The developer community is great in bringing outdated phones a little more up to date. They’re also great in providing users with a stock Android experience when wanted. However, something that’s often overlooked but is abundantly important is their work in finding security flaws.
This past weekend XDA user alephazin discovered a major security flaw in Samsung’s Exynos powered devices. The “flaw” has been used by a few different developers to provide root access to many devices. However, the exploit also opens up the devices to be controlled by malicious apps. Here’s his full statement below:
Recently discover a way to obtain root on S3 without ODIN flashing.
The security hole is in kernel, exactly with the device /dev/exynos-mem.
This device is R/W by all users and give access to all physical memory … what’s wrong with Samsung ? […]
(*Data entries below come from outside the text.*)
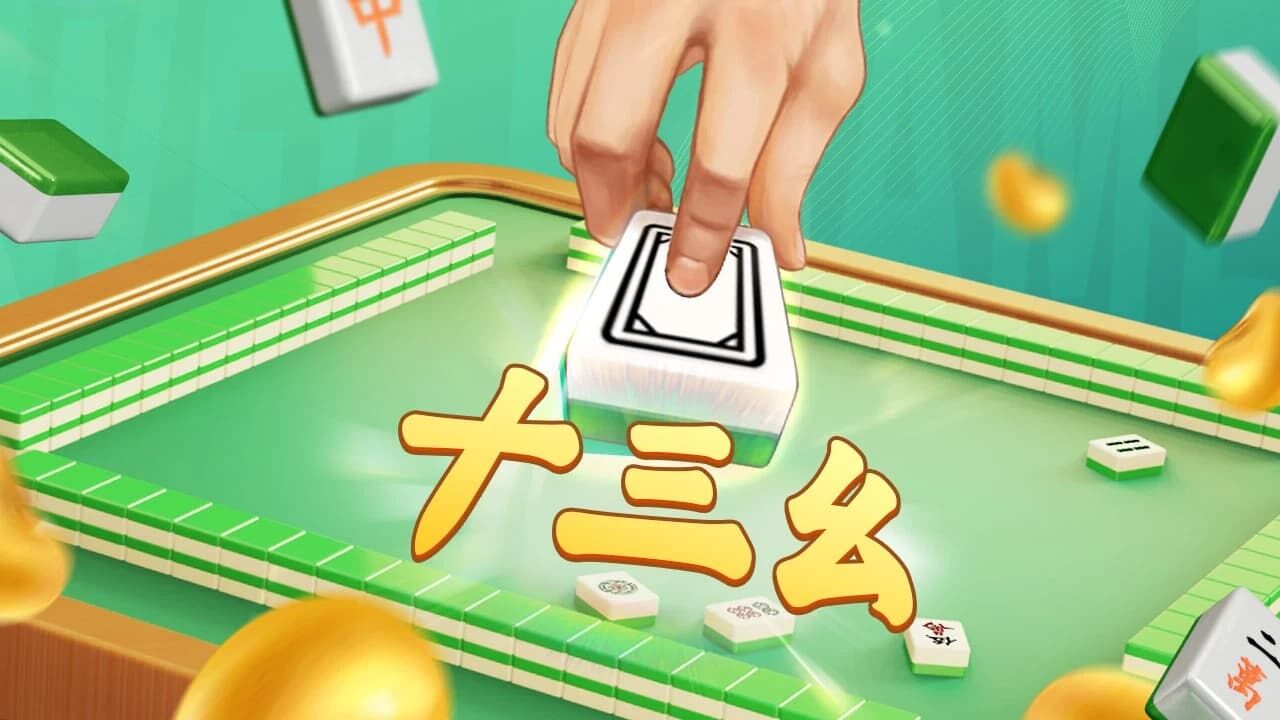 玩家攻略宝典“微乐广东麻将开挂版本软件	”分享装挂详细步-第1张图片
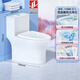 九牧（JOMOO）马桶海漩虹吸式坐便器节水马桶卫生间抗菌防臭卫浴陶瓷连体坐便器 【1396】双漩暴风 沸腾获奖 305坑距【290-390mm选择】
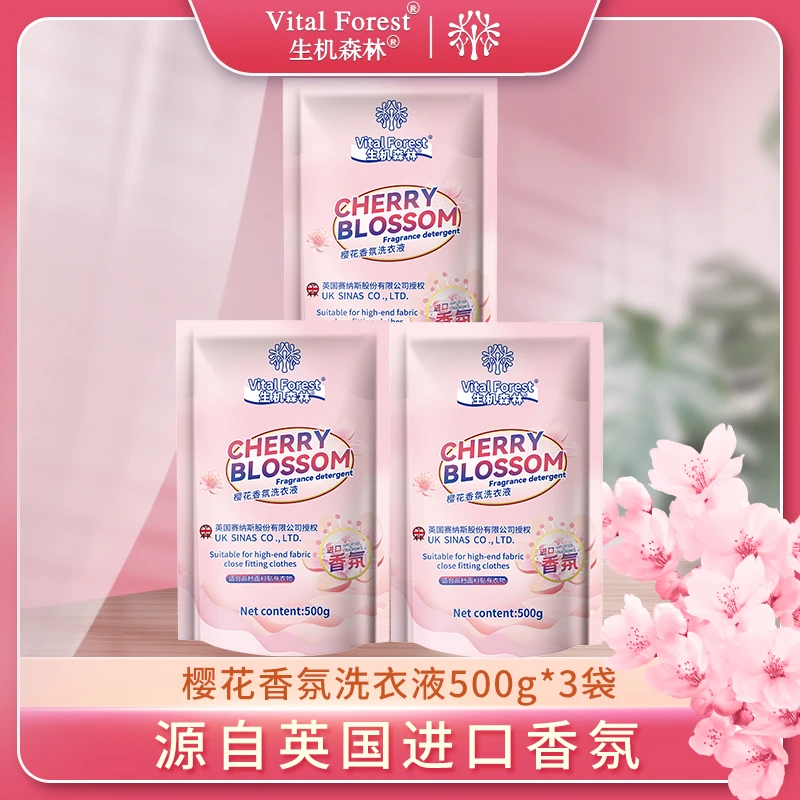 生机森林樱花香氛洗衣液洁净去污不伤手持久留香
The good news is we can easily obtain root on these devices and the bad is there is no control over it.
Ram dump, kernel code injection and others could be possible via app installation from Play Store. It certainly exists many ways to do that but Samsung give an easy way to exploit. This security hole is dangerous and expose phone to malicious apps. Exploitation with native C and JNI could be easily feasible.”
Apparently Samsung has already been notified about the problem so they’re likely working on a patch that will roll out in the near future. But my best advice is to simply be careful of what you download. Before downloading any app it’s a good idea to read through reviews and ensure that others have been using the app successfully.